Given data below:

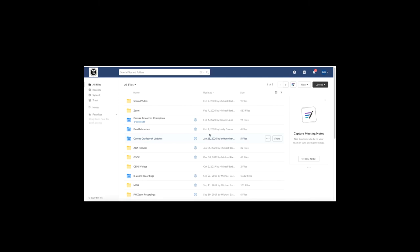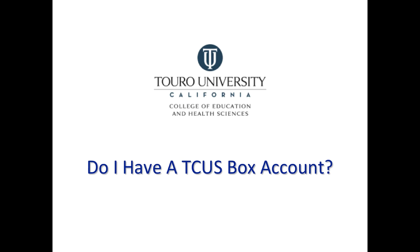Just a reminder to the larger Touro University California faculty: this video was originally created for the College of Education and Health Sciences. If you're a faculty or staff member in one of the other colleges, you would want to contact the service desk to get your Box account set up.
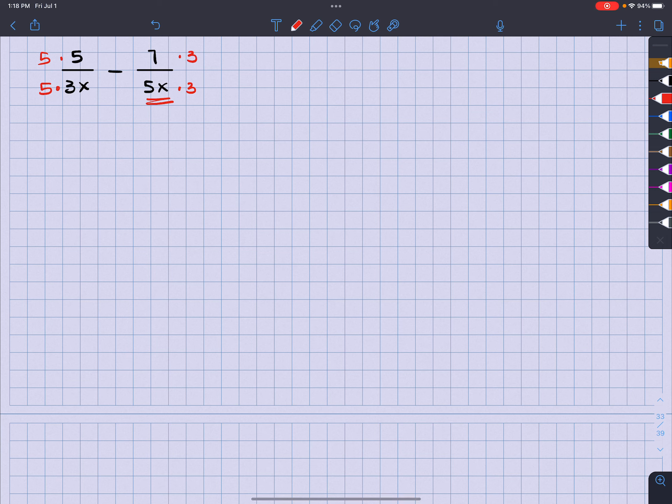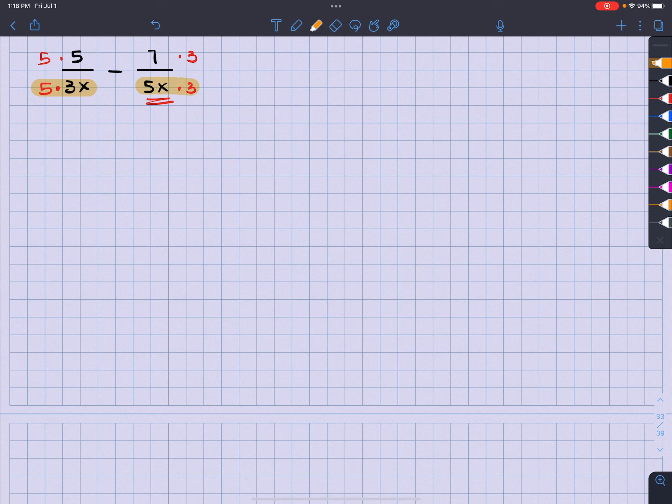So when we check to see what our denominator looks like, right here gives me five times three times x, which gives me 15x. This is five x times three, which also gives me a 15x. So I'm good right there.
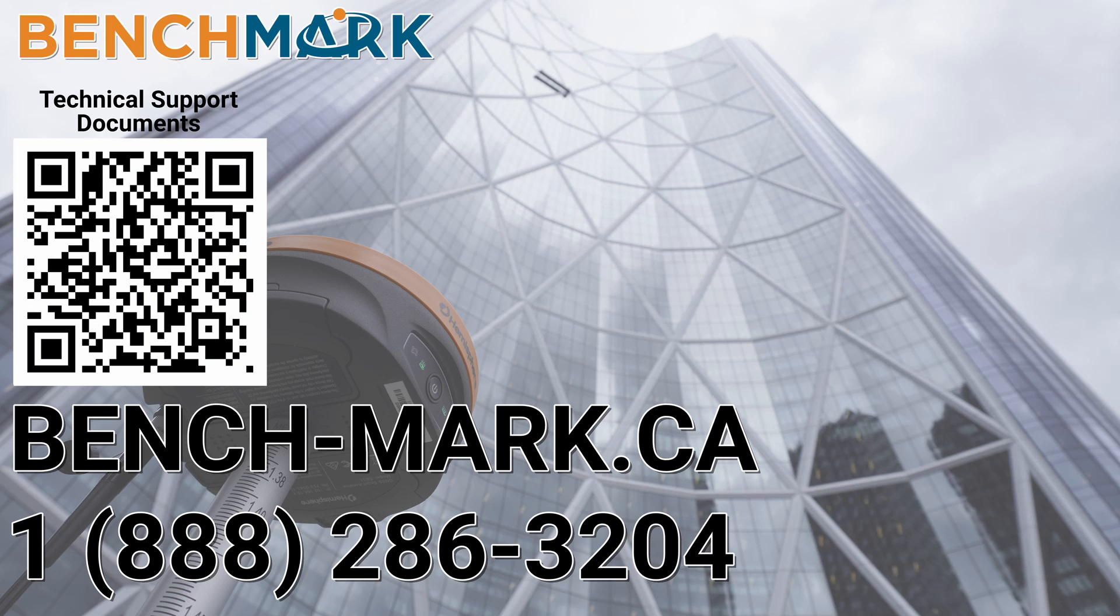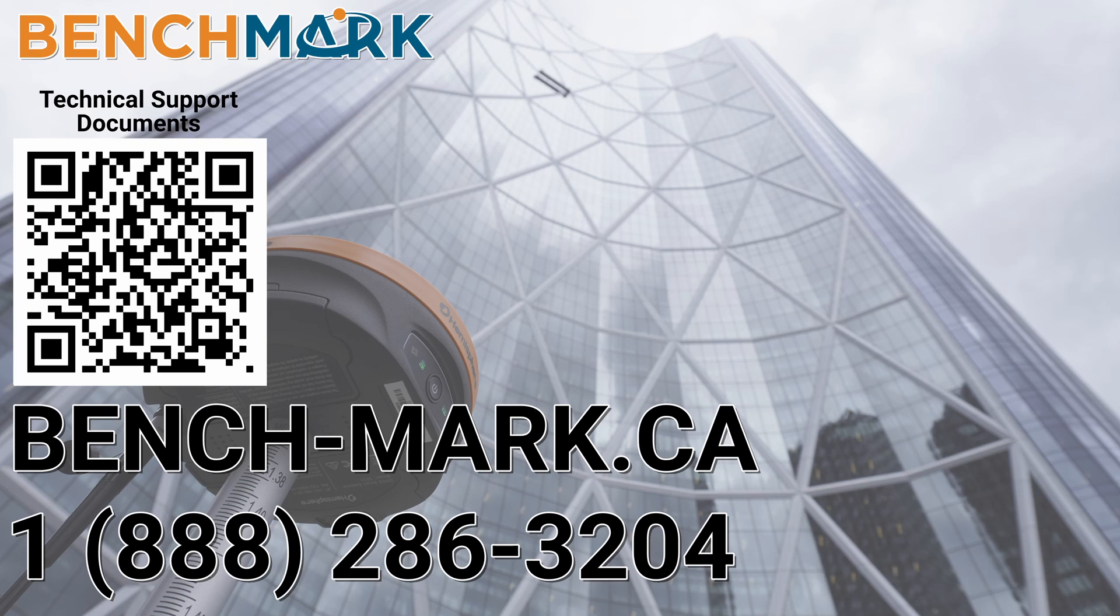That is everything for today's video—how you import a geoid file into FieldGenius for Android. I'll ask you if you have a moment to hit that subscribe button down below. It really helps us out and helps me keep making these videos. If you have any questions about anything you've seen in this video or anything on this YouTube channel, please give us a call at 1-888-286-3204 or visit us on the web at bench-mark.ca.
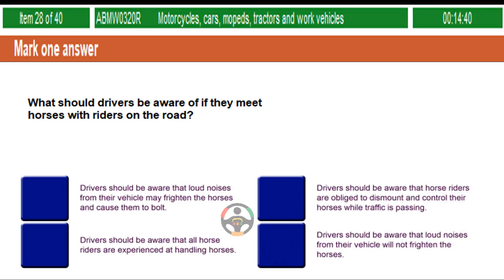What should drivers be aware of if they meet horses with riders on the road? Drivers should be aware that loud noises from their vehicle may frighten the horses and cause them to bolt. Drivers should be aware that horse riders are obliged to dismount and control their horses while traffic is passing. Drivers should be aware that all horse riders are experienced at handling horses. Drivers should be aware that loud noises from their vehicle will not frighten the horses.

End of Given data.
Given data below:

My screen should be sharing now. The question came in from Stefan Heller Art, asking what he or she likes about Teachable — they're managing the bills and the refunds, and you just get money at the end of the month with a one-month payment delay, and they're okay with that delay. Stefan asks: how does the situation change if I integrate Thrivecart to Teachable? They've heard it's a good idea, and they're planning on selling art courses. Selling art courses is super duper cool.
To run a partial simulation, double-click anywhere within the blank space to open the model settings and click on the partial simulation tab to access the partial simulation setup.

End of Given data.

## [Aim of the exercise]
Every line above from the one with "Just a reminder" down to the one with "So when we check" must be written out exactly, and no picture may appear.

## [The completed task]
Just a reminder to the larger Touro University California faculty: this video was originally created for the College of Education and Health Sciences. If you're a faculty or staff member in one of the other colleges, you would want to contact the service desk to get your Box account set up.
So when we check to see what our denominator looks like, right here gives me five times three times x, which gives me 15x. This is five x times three, which also gives me a 15x. So I'm good right there.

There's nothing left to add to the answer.